で、先日読んだ福岡伸一さんの「動的平衡」では、この理由を「代謝の違い」と解釈していました。要するに歳をくうと反応がすべて遅くなる。感受性が鈍くなる。
たとえば完全に外界と遮断された暗室に閉じこもって寝ていると、外部の時間の流れを探知することができません。頼るものは自分の体内時計だけ。そんな部屋を用意して「24時間たったと思ったら部屋から出てきてください」と指示しておくと、おもむろに部屋から出てくるのは30時間とか40時間とか経過してから。とろカメになっている。おかしいなあ、そんなに長くいたのか。
逆にいうと、物理的な時計の24時間は、本人の体内時計ではまだ18時間とか16時間でしかない。

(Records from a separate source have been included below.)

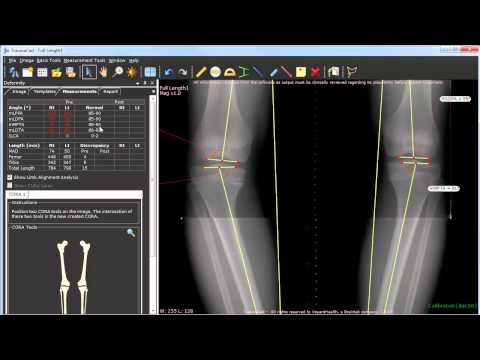 Deformity Correction Planning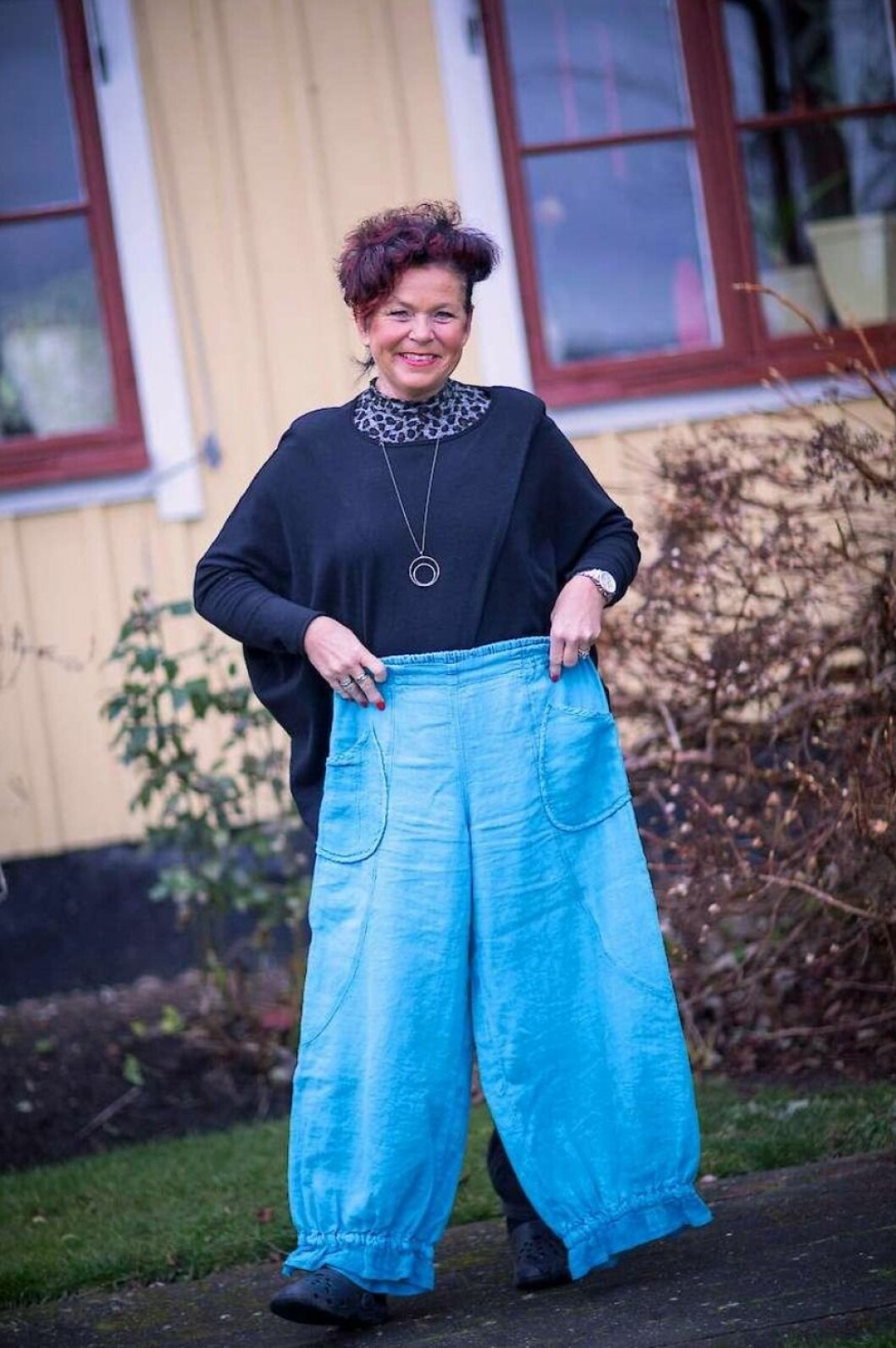 Nu har det gått drygt två år. Benet håller formen som det ska.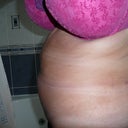 Standing.......on this one you can see how much skin and fat is on my back.  I enquired about having lipo on my "back boobs" done at the same time but because I'd be lay on my back for 3 hours whilst having my upper abs lipo and tt done, the doctor said I couldn't.  Gutted about it but understand.....so it goes on the "list"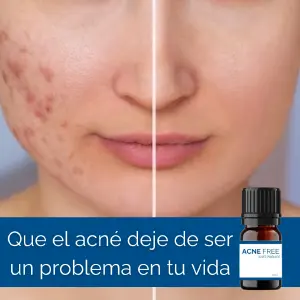 ACNE FREE - Elimina el Acné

時間の経過が思ったよりも速い。
ネズミの一生、ゾウの一生、時計で計測した生涯の長さは違いますが、それぞれの主観的な長さはどうだろう。インタビューしてみたら案外同じなのかもしれない。これは本川達雄さんの説か。ゾウもネズミもドッキンドッキンは何億回とか、なんか唄を作ってましたね。
それぞれ面白い理屈です。騙されたような正しいような。なるほど・・とは思うんですが、でもそれをすぐ忘れてしまうのも「歳」。特にこういう綱渡りみたいな論理の筋道は、ほんとに素早くニューロン結合から消え去ってしまいます。